EXTRACTED ENTRIES Start Marker

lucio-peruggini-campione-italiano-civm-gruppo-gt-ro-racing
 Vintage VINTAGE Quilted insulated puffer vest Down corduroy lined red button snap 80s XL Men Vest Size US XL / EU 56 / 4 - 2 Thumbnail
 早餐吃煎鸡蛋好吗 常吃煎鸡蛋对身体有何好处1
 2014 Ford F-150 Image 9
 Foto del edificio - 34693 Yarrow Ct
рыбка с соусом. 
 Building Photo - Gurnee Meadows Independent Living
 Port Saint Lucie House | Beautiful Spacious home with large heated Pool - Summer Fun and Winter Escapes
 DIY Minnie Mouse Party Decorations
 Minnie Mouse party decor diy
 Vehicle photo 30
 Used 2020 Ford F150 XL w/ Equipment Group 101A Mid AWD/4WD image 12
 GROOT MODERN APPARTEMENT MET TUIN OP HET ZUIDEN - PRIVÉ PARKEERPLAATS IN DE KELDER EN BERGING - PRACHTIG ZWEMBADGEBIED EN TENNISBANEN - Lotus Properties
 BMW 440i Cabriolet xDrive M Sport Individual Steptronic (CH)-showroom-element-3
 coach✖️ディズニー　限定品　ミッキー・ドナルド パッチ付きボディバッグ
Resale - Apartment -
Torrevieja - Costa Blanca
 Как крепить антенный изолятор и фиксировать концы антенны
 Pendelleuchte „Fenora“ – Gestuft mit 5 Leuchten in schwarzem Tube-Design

EXTRACTED ENTRIES End Marker

Return a copy of each line of the material that holds the word "Mouse".

 DIY Minnie Mouse Party Decorations
 Minnie Mouse party decor diy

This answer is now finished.